The larger the allowed phrase length, the larger the actual difference D between the WLA of the sample and its hits (D=WLA S-WLAH). The author's observation that Theomatics "dissipates" in WLA performance when moving toward longer phrases appears correct. What is observed in the experiment appears to be appropriate to use as a general assumption about the behavior of Theomatics, being totally consistent with thousands of instances observed  by the author.

These facts flatly contradict the author's implicit assumption that WLAS can legitimately be upper-bounded by WLAH. In fact, if WLAS ever did fall below WLAH , this would certainly be an oddity... not the norm... based upon the author's own data and claims.

In addition to granting him the sensational claim of unbelievable statistical odds, the author's sample reduction procedure conveniently permits him to consider successful trials in his calculation of the p-value that are not retained in his sample, which contradicts the very definition of a sample . Such mathematics is quite creative, to say the least.

Theoretical Conclusion

The author's reduction of the sample based on WLA implies a contradiction in the definition of his experiment: his assumption is inconsistent with his own claims and with experimental data. His reasoning and the implied conclusion, the billions-to-one odds of Theomatics, cannot be accepted. One simply cannot correctly say that 46 hits were obtained from a sample of 434 phrases (p.38), or that 39 hits were obtained in 170 phrases (p.46), or that 25 hits were obtained in a sample of 117 (p. 48). While it is certainly true, though quite unlikely, that such results "could have" occurred in an hypothetical test of Theomatics, this fact is irrelevant: these results did not occur in the test that was conducted, apparently would not normally occur in any such experiment, and should not be considered in determining p-values in Theomatics.

The Facts

In order to determine the probability of the Theomatic phenomenon observed by the author, one must correct the errors the author made in his analysis. The correct results are:

 L H S 0 1 2 PH 1:NH PC P 1:N O 4 53 683 12 22 19 .0100 100 .80116 .00797 125 1.002 3 35 412 10 16 9 .0091 110 .18664 .00170 589 1.078 2 19 195 6 10 3 .0128 78 .09000 .01572 864 1.150

The chart shows the phrase length L, the sample size S, the clustering results (0, 1, 2), the probability of the hits PH, the odds of this number of hits occuring in such a sample 1:NH (NH = 1/ PH) the probability of the cluster distribution PC , the total probability of the hits and clustering P (P = PH X PC), the final odds 1:N (N = 1/ P), and the representative statistic O (being the average number of random trials needed to get this kind of result if Theomatics does not exist).

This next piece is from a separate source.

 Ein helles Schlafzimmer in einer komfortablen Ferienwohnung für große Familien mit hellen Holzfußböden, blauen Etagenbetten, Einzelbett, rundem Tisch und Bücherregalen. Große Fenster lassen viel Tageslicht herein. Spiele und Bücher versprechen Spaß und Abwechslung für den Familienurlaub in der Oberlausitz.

The correct way way to determine the statistical significance of the results of any experiment is to look carefully at what actually occurred in the experiment. Since the author has formally stated that the experiment is to consider results for all phrases of 4 words or less (p.22), the first O statistic obtained from the 4-word phases, 1.002, would technically be the result of his experiment. Therefore the results of this experiment are such that they would be expected on average to occur in nearly every single test if Theomatics were random.

The author's published claim of odds of 1 in 261 million corresponds to the final p-value for the 3-word phrases, reducing to 1 in 589 when his errors are corrected. The comparable O statistic is 1.078, so one would this result 93% of the time. Even so, clearly, both results are well below that of the MOS (maximum order statistic) benchmark of 2, or every other test, which represents odds of 1 in 3,466.

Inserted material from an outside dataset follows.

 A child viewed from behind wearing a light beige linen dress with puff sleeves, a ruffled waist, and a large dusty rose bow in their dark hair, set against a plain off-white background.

The last result, that of the 2-word phrases, is similarly insignificant, as observed in extensive testing.

The Inevitable Final Conclusion

The above results are all certainly well within what might be expected in a random context: the null hypothesis cannot be rejected... doing so is not even a consideration. The correct conclusion to draw in this Luke 15 analysis is that no Theomatic significance is evident at all. No other conclusion may be deemed correct, much less "conservative."